A wet building is also more likely to attract unwelcome visitors. Microorganisms such as algae travel by wind and are deposited on facades. They proliferate particularly on weathered facades that do not dry out well, colonizing large areas, which then turn green, brown or red.
Another risk factor is paint that is inappropriately applied to the building’s surface. A film-forming exterior coating, for example, is less permeable to water vapor and therefore fosters blistering. The coating will adhere less well and will detach from the substrate at weak points.
The flip-side of insulation is often permeability. Water originating on the inside must be able to leave the building. Any insulating coating therefore must be highly permeable to vapor. This is particularly important as, thanks to better insulation, modern construction work achieves ever higher levels of energy efficiency, often sealing off the inside. There is another side effect of improved insulation. As warmth is kept inside the home, its outer hull inevitably cools down. This impairs the wall’s ability to dry.
Apart from an unpleasant appearance, water and other damage severely reduces a facade’s capacity to insulate. If water penetrates the pores of a construction material, its thermal conductivity is increased and the insulating properties are significantly diminished. A moisture content of only 5% reduces the insulating efficiency by 60%.
Silicone resins owe their hybrid character to a unique inorganic-organic molecular structure. Thanks to their similarity to natural silica, these resins have a chemical affinity to mineral construction materials, making them extraordinarily durable. When applied to a mineral base, they form a three-dimensional network that is strongly hydrophobic and thus minimizes the uptake of both water and dirt while ensuring a high degree of vapor permeability. Silicone resin emulsion paints and plasters based on WACKER’s SILRES® BS therefore provide exterior paints and plasters with reliable protection against moisture, thus significantly contributing to highly energy efficient and sustainable buildings.
Protecting homes against inclement climatic conditions became one of life’s central purposes as mankind moved from hunter-gatherer to settler. For the past 2,000 years, ingredients such as oils, waxes and, in the early days, lime plasters played an important role in protecting a house against the wear and tear caused by heat and cold, sun and rain. In more recent years, silicone derivatives such as fats, resins or rubbers have become the main hydrophobic agents. WACKER may well have honed them to perfection with its SILRES® BS series of decorative coatings.
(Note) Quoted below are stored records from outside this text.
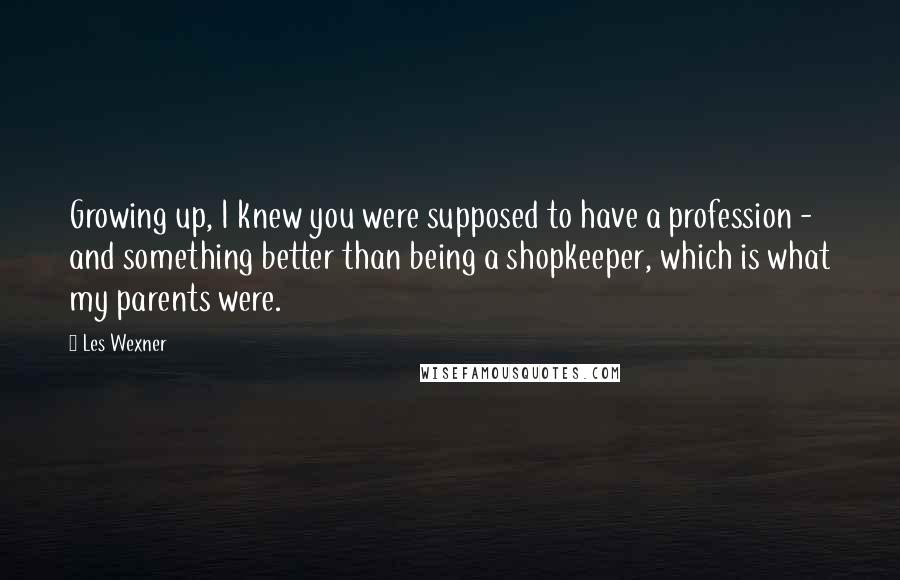 Les Wexner quotes: Growing up, I knew you were supposed to have a profession - and something better than being a shopkeeper, which is what my parents were.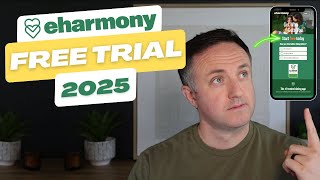 Getting an eharmony Free Trial in 2025 - What You Can Get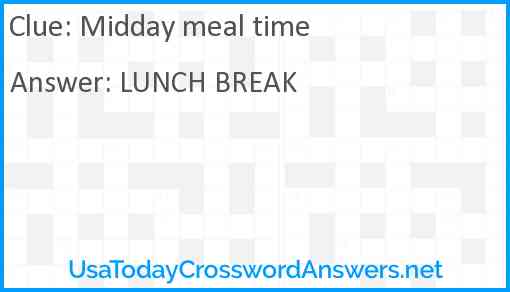 Midday meal time Answer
Among the many challenges to a building’s outer shell, water is the most serious, be it in a liquid, gaseous or frozen state. With a porous surface and countless capillaries with diameters from 0.1 to 100 micrometers, mineral-based construction materials tend to absorb rain or damp, stemming from either the inside or outside of a building. The capillaries – much finer than a human hair – transport water into the interior of a façade. Unfortunately, water rarely travels alone. It often carries other unwanted ingredients such as salt, which reinforces the damage by drawing even more water from the air into the masonry.
Much like taking care of your skin, it is only natural to protect a building from such wear and tear. WACKER’s portfolio of decorative coatings stands ready to protect your client’s home.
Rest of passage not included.